Wednesday, August 10, 2022

A Big TV Hit Is a Conservative Fantasy Liberals Should Watch

America is as divided over its favorite prestige television shows as news sources.

...Millions of people watch "Yellowstone" for the horses and the majestic scenery. There's Beth Dutton's frequent nudity. There's the simple dialogue that does not ask much of the audience. Whatever brings its audience to the show, once they arrive, they are playacting within the vision of America that "Yellowstone" holds. The show suggests that elitism and power can be reconciled with our need to be both moral and self-interested. It is a seductive fantasy because it does not ask the audience to give up anything.

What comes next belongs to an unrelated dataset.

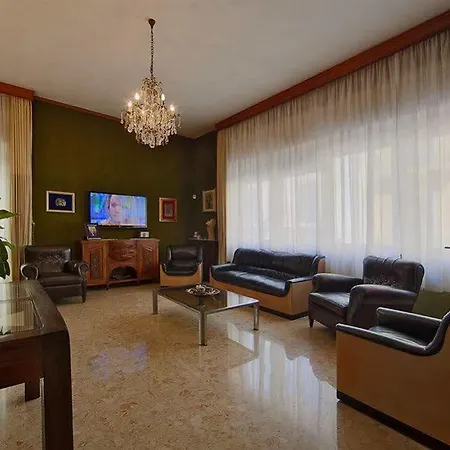 Dimi House Bed & Breakfast 2*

The nominal diversity of the show's cast implies that conservatives don't hate anyone, as long as everyone is willing to conform to their way of life. It acknowledges white land theft and Native American grievance, but it does not make a case for reparations. It accepts that Christopher Columbus was a colonizer but implies that the Duttons' good-enough ends justify the means. It accommodates feminism by making women the most vicious capitalist actors. And it depicts the police as feckless, but it does not want to abolish cops. It wants to choose the cops. That means a lot of guns. "Yellowstone" does not just have gunfights. It has all-out wars. There are military-grade weapons, aerial assaults, night-vision goggles and automatic rifles. When John Dutton cannot win, he starts shooting.

"Yellowstone" isn't ideologically driven, even if ideology is what makes it so comforting for conservative audiences. But in the end, the show shares a problem with Republican Party electoral politics: Neither offers a compelling vision of the future.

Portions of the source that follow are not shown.